━━━ Extracted data

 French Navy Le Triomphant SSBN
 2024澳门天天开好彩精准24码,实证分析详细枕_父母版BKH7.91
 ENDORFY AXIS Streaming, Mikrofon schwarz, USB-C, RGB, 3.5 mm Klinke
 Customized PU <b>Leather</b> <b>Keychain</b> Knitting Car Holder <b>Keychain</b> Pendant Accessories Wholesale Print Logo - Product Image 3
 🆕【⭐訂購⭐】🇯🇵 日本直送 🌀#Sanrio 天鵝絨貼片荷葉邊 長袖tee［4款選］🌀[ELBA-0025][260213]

━━━━━━
━━━ Extracted data

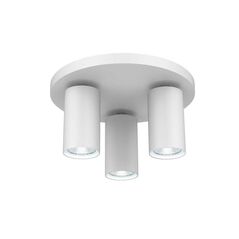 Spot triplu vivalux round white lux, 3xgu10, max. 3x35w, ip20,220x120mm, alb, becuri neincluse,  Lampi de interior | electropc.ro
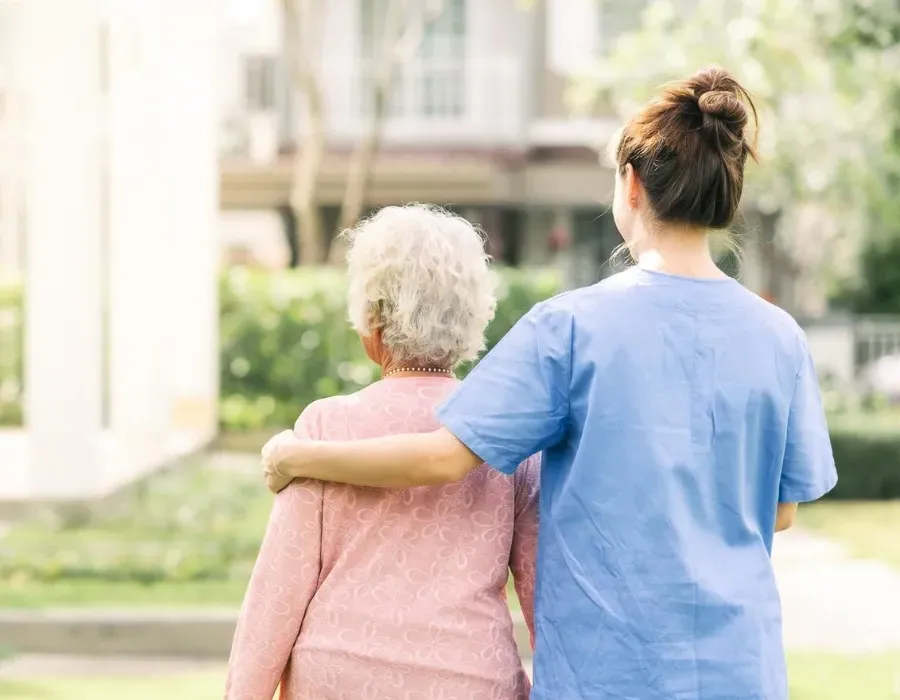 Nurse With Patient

━━━━━━
━━━ Extracted data

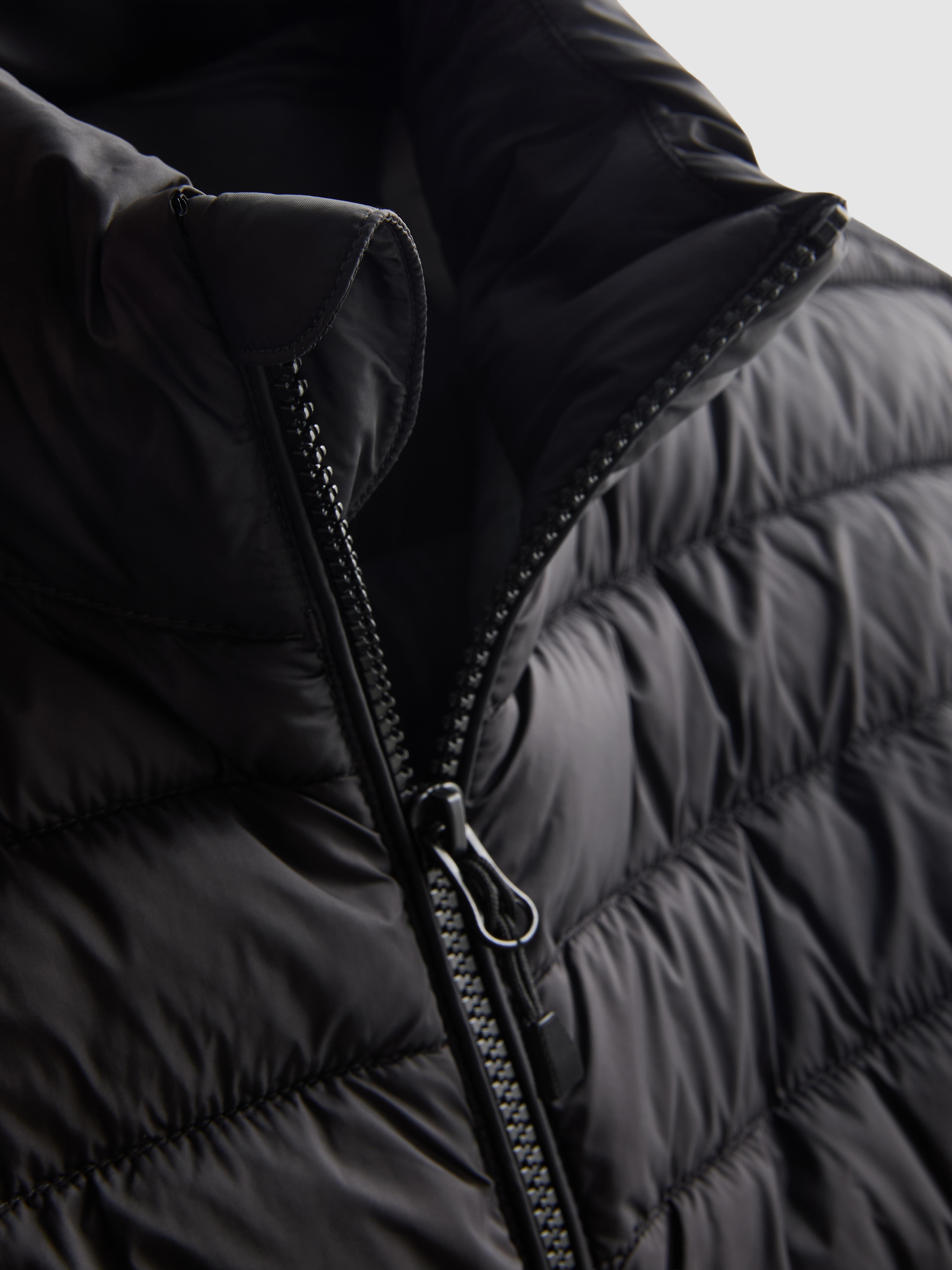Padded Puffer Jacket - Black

━━━━━━

■ What is being asked:
Starting with the line that has "Spot triplu vivalux" and ending with the line that has "Nurse With Patient", repeat the lines above exactly, omitting every picture.

■ Your response:
 Spot triplu vivalux round white lux, 3xgu10, max. 3x35w, ip20,220x120mm, alb, becuri neincluse,  Lampi de interior | electropc.ro
 Nurse With Patient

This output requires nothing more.